They were tucked into gloves I wished I’d thought to make toasty on the heaters before we left the station. “That we’d rather be back inside with that coffee?” I doled out half a smile. The coffee would’ve gurgled to the top of the pot by now. I could picture it steaming in the break room. By the time I saw it again, it would be cold, pungent sludge. “Besides that,” I said. “White male age twenty-six, gone missing from a summer house. He was up from the city. It was the estate’s caretaker who called it in, noticed the guy’s absence first thing this morning.” “Whoa,” I said, swiveling my head.
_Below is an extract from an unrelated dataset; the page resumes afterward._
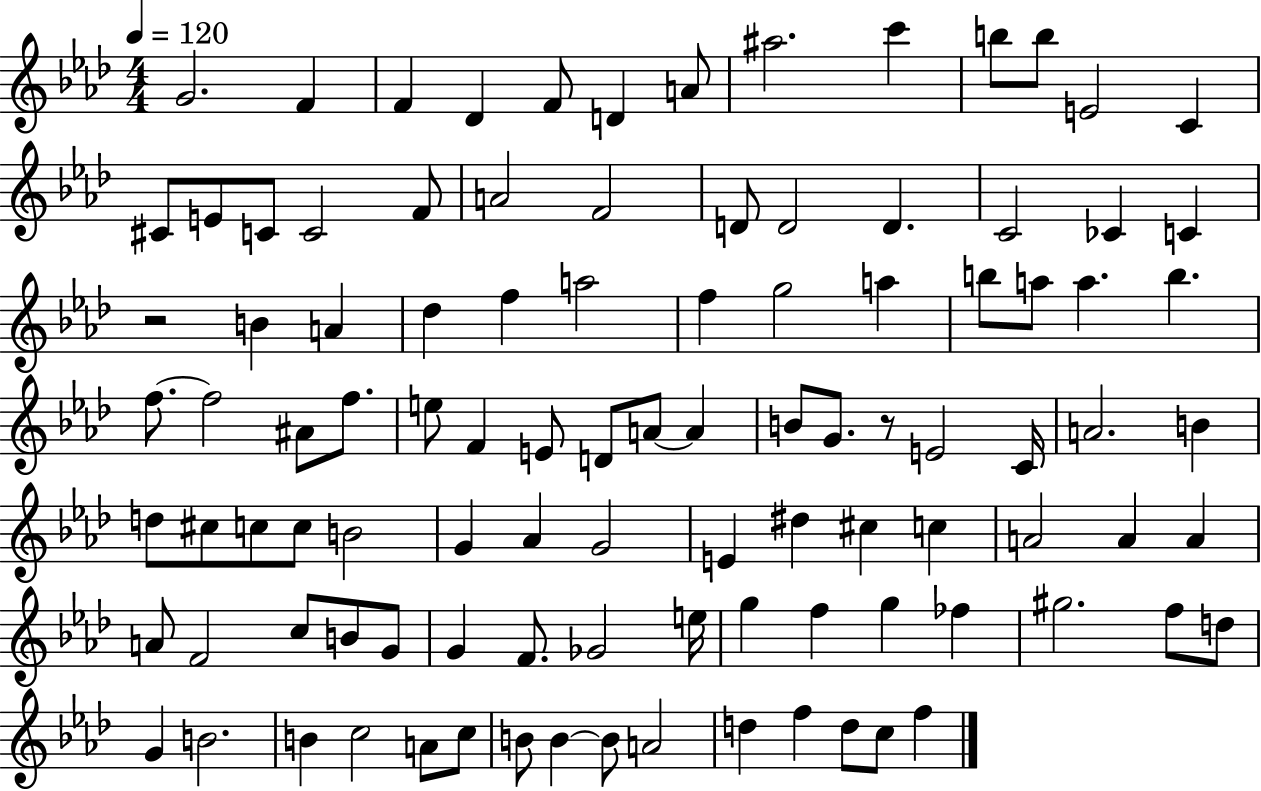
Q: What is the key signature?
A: AES major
“Missing? I thought you said murder.” Those weren’t the same thing at all. Had Tim been playing me in the office? Joke’s on Shane? “Murder’s what the family wants to call it.” Tim shrugged, making it clear he didn’t put much stock in that claim. “There’s no body,” he admitted, way too late for my liking. “The man’s just gone.” A missing persons case that may or may not involve a murder. Suddenly my hands were too hot. I peeled off the gloves, jammed them in the center console. “Name?” “That’s where this gets interesting.
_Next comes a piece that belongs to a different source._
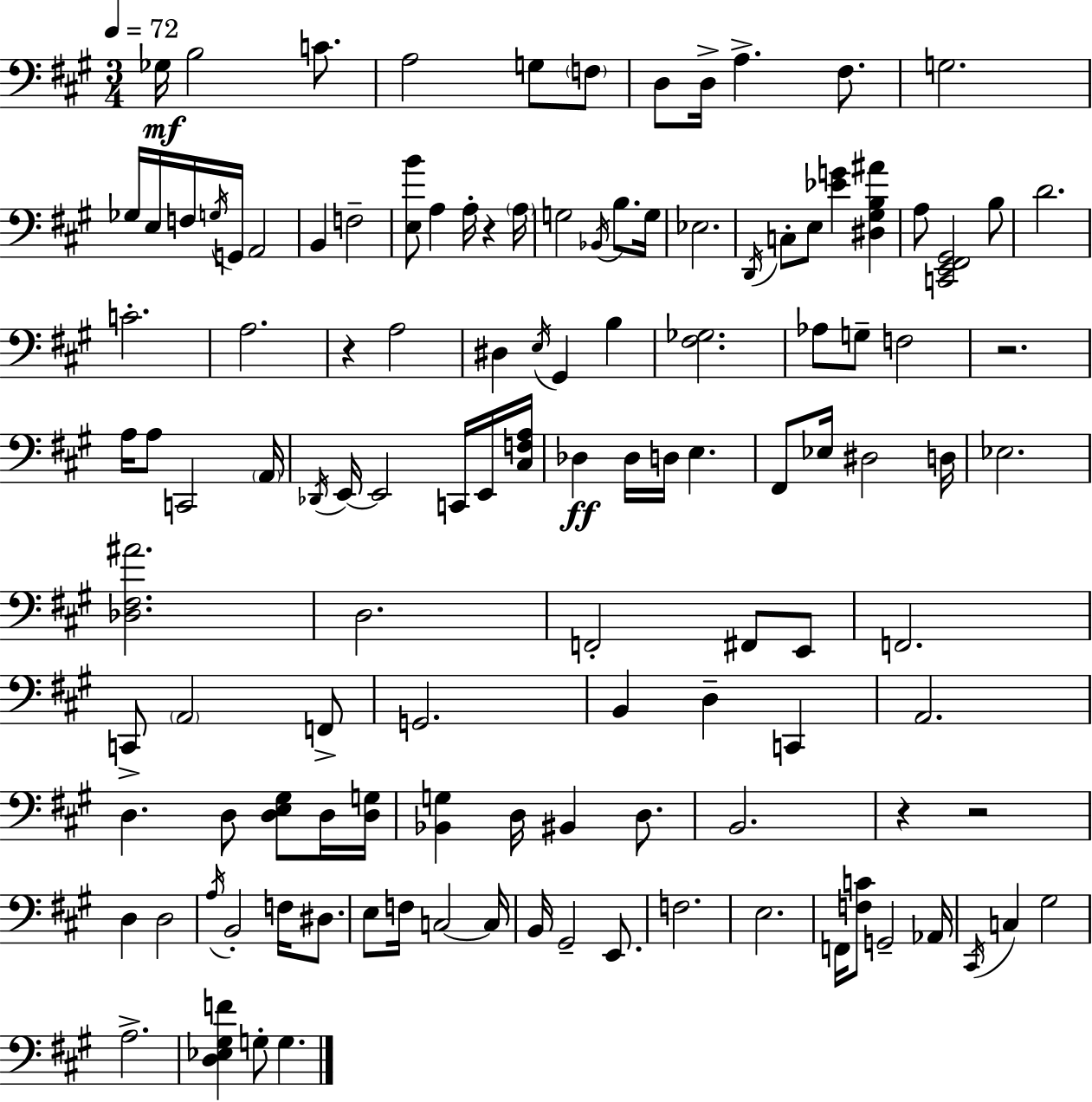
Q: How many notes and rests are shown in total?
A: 122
” “It’s interesting already.” Tim grinned. “The guy? He’s Jasper Sinclair.” I gave him a blank look. “The Sinclairs are a New York family. In the fashion industry, I think,” he said. “They’re kind of a big deal. And this morning Jasper’s girlfriend woke up to an empty bed and the sheets soaked with blood.” “But no body,” I said. “Huh, that’s .
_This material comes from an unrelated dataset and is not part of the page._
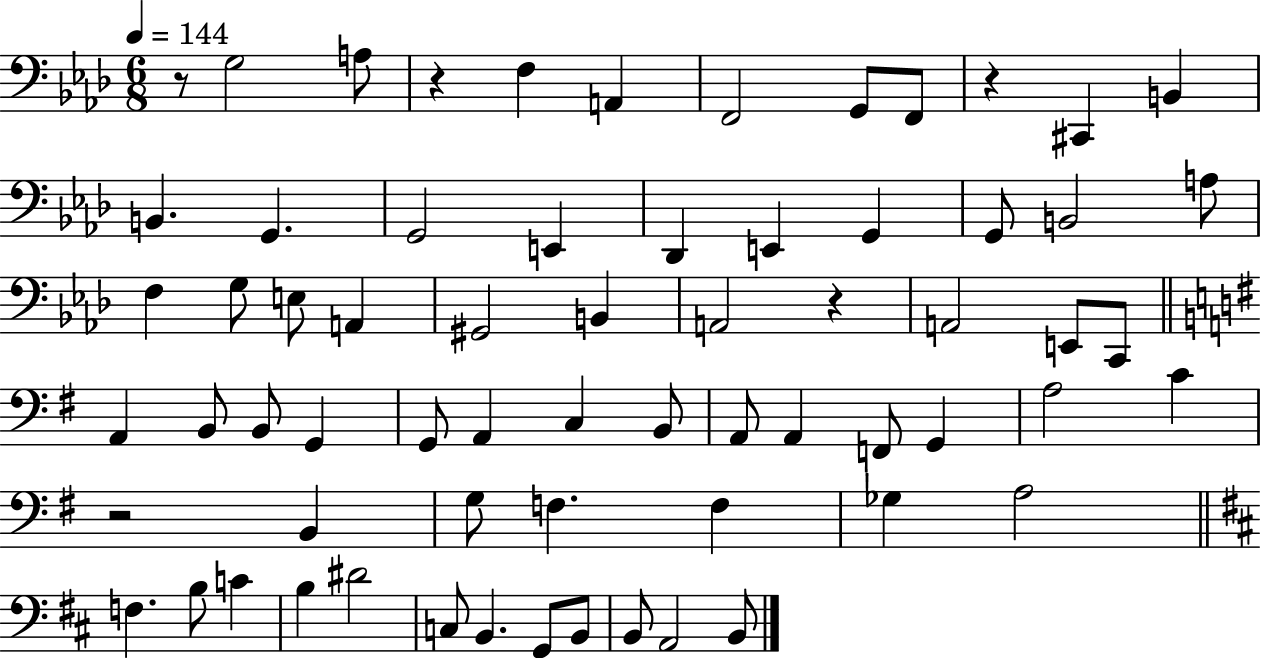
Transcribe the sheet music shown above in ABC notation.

different.” “Yeah.” “So they’re pointing the finger at her?” “Not clear on that,” Tim said. “I don’t see how a young woman could transport a grown man’s body through a house full of sleeping people without waking anyone up.” “Trapdoor in the floor?” He laughed. “Maybe so.” “That’s assuming the attacker worked alone.” “Attacker,” Tim repeated and winced. I knew what he was thinking. Murder on Tim’s turf was a personal affront.

“How many people in the house?” I asked. “Eight, including the girlfriend. The missing man made nine. They all slept through the night, so the caretaker says, despite the storm.” I squinted at him. “And it’s all family over there?” No crime was easy to stomach, whether the body was on-site or not, but family stuff? That was the worst. I’ve seen the terrible things fathers, mothers, brothers, cousins are capable of. Blood ties can be bloody. “Family, the caretaker, the girlfriend, and a couple significant others. Like I said, full house.

No sign of an intruder, apparently, but the caretaker seemed a little funny on that point.” “Funny how?” “Like maybe he was holding something back.” We took a left off the highway and sailed through a puddle the size of a lily pond. The dock and slips were just ahead. “I asked them if they’ve done a search,” Tim went on. “Figured there was a good chance the guy’s licking his wounds in the bathroom or a cupboard under the stairs. A big house like that, you never know.” “How do you know the house is big?” “They all are, Shane.” He tacked on an eye roll. “But this place is really something.

I used to dream about living there when my dad would take me fishing nearby as a kid. No sign of Jasper, though. Not yet.” “Other than his blood, that is.” I tapped my fingers on the wheel. “We’ll have to do a proper search. If it’s an island, there could be cliffs and stuff, right?” “Plenty of places where people could tumble into the river in the dark,” Tim agreed. “We’ll need forensics, too. For the blood.” It was worth pointing out.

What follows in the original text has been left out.